The company posted a net profit of 14.7 billion yuan ($2 billion) for the first quarter of 2025, compared to the same period last year. The sharp dip comes as the United States, under President Trump, escalates its economic standoff with China—most recently by scrapping a key customs exemption on lower-value imports, which had long propped up platforms offering ultra-cheap goods like Temu.

A Business Model Under Pressure

The now-revoked “de minimis” rule, which allowed goods under $800 to enter the US duty-free, was central to Temu’s cross-border pricing strategy. Without it, Temu and similar platforms are facing steeper costs and tighter margins when selling into their largest overseas market.

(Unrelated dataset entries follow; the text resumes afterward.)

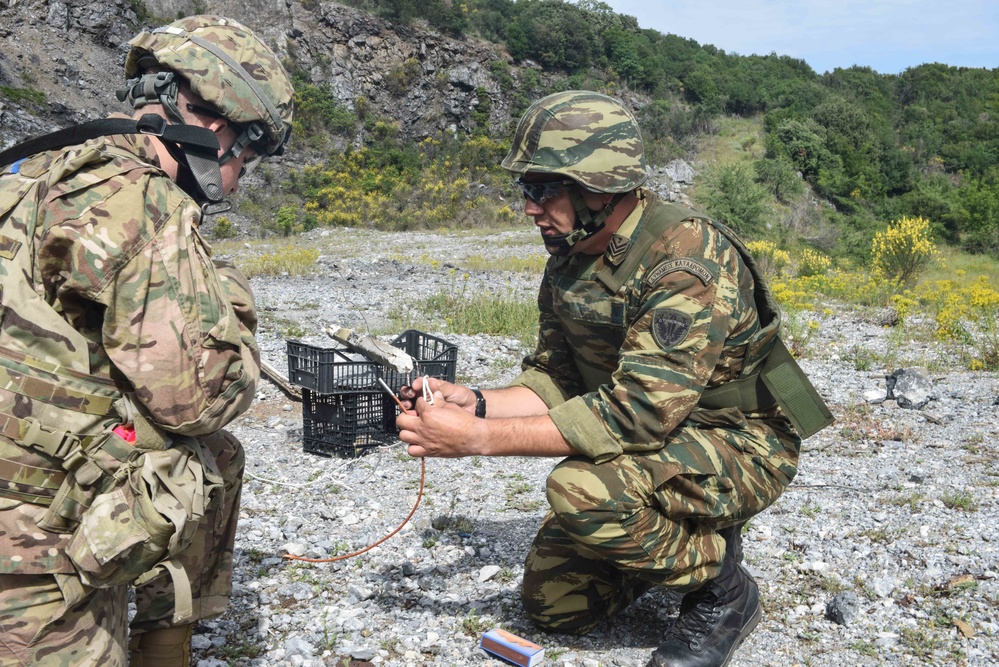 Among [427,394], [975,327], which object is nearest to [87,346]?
[427,394]

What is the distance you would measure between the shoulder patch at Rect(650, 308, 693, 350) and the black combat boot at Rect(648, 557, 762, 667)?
85 centimetres

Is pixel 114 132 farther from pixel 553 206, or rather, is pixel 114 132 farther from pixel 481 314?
pixel 481 314

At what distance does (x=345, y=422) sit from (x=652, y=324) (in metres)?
2.44

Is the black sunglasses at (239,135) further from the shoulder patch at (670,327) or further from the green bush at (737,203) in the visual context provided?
the green bush at (737,203)

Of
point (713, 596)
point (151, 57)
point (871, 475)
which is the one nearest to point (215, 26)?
point (151, 57)

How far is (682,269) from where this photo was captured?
2.49 metres

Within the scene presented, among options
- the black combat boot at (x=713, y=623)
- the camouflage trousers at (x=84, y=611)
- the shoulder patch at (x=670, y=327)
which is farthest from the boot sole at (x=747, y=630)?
the camouflage trousers at (x=84, y=611)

Trump’s latest executive order slashed the tariff rate to 54% or a $100 fee for items shipped through the US Postal Service—replacing the previous steep 120% tariff but still a heavy blow to China-based exporters.

PDD Bets on Long-Term Gains Over Short-Term Profit

Despite the drop in earnings, PDD’s leadership remains upbeat about their long-term prospects. Co-CEO Lei Chen said the company has been making major investments to help both sellers and customers adapt to “rapid changes in the external environment.”

“These investments weighed on short-term profitability but gave merchants the room to adapt,” he explained, adding that the company remains focused on strengthening Temu’s platform resilience and ecosystem.

Revenue grew by 10% year-on-year to 95.7 billion yuan, but the pace of growth continues to slow. For context, the company had reported 24% growth the previous quarter—and a staggering 131% at the start of 2024. According to PDD’s VP of Finance, Jun Liu, this moderation was anticipated, though clearly intensified by global uncertainty and the shifting policy landscape.

“Our financial results may continue to reflect the impact of sustained investments through these uncertain times,” Liu cautioned.

Wall Street Reacts Sharply

Investors were quick to respond, with PDD’s New York-listed depository receipts plunging over 13% following the earnings announcement. Market analysts cite not only the profit slump but also concerns over regulatory pressures and weakening growth momentum in a now more protectionist U.S. market.

The Road Ahead for Temu

As PDD Holdings doubles down on supporting its sellers and navigating political headwinds, the company is walking a tightrope—balancing short-term profitability against long-term viability.

While the broader e-commerce landscape continues to evolve, especially in light of geopolitical shifts, platforms like Temu may need to reinvent their cost and logistics models to stay competitive in a less globalized, more fragmented trade world.